Reluctant Acceptance

For a long time, I noticed something strange about conversations on climate and nuclear energy. Even people who are deeply worried about global warming often hesitate when nuclear comes up. They lower their voice slightly. They qualify their support. They say things like, “I’m not against it, but…”

That hesitation is real. I’ve felt it myself.

Nuclear accidents leave a psychological mark that doesn’t fade easily. The word “waste” sounds permanent. Construction costs spiral into headlines. Even people who believe we need clean energy sometimes wish the solution felt safer, simpler, more emotionally comfortable.

But climate change has a way of narrowing what feels comfortable. Every year we delay cutting fossil fuel use makes the problem harder to solve.

Summers feel hotter. Electricity demand spikes during heatwaves. Grids strain in ways they didn’t a decade ago. At the same time, we are plugging more into the system, electric cars, heat pumps, factories trying to decarbonize, data centers that never sleep. We are building a world that runs more and more on electricity, not less.

That is where the tension becomes unavoidable.

Nuclear power is not renewable in the way solar and wind are. It does not feel light or decentralized. It is large, complex, and heavily regulated. Yet once operating, it produces enormous amounts of electricity with almost no direct carbon emissions. Globally, nuclear generates about 10% of all electricity and roughly a quarter of the world’s low-carbon power. If that disappears without something equally clean and equally reliable replacing it, fossil fuels usually fill the gap. That isn’t ideology. It’s how grids work.
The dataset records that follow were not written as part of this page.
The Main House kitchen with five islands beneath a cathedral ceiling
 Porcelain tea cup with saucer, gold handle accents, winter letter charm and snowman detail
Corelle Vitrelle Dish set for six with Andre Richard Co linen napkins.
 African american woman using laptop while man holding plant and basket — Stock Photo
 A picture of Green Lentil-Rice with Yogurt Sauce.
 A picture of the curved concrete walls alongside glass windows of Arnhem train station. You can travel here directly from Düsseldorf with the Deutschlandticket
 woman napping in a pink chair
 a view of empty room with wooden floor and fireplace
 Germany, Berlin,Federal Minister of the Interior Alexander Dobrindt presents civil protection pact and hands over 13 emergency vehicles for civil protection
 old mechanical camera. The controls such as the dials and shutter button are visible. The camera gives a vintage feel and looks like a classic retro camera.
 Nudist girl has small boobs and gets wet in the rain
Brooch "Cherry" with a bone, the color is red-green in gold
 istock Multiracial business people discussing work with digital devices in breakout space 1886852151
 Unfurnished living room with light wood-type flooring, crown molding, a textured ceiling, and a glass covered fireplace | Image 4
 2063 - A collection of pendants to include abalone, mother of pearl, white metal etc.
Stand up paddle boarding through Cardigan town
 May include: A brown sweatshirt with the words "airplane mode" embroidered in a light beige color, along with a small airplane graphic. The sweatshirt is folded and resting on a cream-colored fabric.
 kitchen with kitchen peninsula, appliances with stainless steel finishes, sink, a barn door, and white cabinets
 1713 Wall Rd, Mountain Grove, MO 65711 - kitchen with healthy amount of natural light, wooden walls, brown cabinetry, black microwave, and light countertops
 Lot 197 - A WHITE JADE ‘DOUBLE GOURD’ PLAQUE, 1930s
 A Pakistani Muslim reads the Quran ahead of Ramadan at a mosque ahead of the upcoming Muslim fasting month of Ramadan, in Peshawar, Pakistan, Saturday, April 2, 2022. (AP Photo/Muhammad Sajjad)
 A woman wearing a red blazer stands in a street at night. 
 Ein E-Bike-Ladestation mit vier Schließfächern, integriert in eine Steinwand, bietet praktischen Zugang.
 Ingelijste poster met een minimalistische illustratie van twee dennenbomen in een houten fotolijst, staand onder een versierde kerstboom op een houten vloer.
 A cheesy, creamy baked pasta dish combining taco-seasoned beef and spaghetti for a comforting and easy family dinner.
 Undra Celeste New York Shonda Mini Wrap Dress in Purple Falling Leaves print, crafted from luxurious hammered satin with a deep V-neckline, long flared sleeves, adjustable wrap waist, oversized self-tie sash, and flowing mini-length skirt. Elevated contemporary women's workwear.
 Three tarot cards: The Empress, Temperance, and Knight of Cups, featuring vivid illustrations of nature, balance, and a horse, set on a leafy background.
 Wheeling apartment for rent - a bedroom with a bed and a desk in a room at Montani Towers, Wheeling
Solar and wind are expanding rapidly, and they must continue to. Their growth has been one of the most encouraging climate developments of the past decade. But they are weather-dependent. When the sun sets or the wind slows, demand does not politely wait. Energy experts call the solution “firm power,” electricity you can count on at any time, even when the weather isn’t cooperating.

Right now, in many countries, fossil fuels provide that reliability.

That’s what makes the debate uncomfortable. If we phase out nuclear before we have fully built out storage or other stable low-carbon alternatives, gas and coal plants tend to stay online longer. They run more hours to cover the gaps. Emissions fall more slowly. The math tightens.

When I look at what countries are actually doing, I see this tension playing out in real time. China is building nuclear and solar simultaneously. India is expanding both as demand grows. France is renewing its nuclear fleet to preserve one of the lowest-carbon electricity systems in the world. Poland is constructing its first nuclear plant as it tries to move away from coal while keeping the lights on through long, cold winters.

None of these decisions look like celebration. They look like calculation.

I don’t see governments falling in love with nuclear. I see them accepting it, sometimes reluctantly, because climate risk is no longer abstract. Nuclear risk is serious, but it is regulated, engineered, and geographically contained. Climate risk is systemic and cumulative. It touches everything.

That doesn’t mean nuclear gets a free pass. Safety standards must remain uncompromising. Projects must be delivered more efficiently than they have been in the past. Waste solutions must be handled transparently and responsibly. Supporting nuclear while ignoring its weaknesses would be unserious.

But rejecting it outright while demanding rapid decarbonization feels equally inconsistent.

Reluctant acceptance may not be inspiring. It may never feel emotionally satisfying. Yet energy systems are built on physics, not preference. As electricity becomes the backbone of modern life, the real question is simple: are we willing to remove one of the few proven sources of large-scale, firm, low-carbon power while the climate clock is still ticking?

For me, that question doesn’t eliminate the hesitation. It just makes the answer clearer.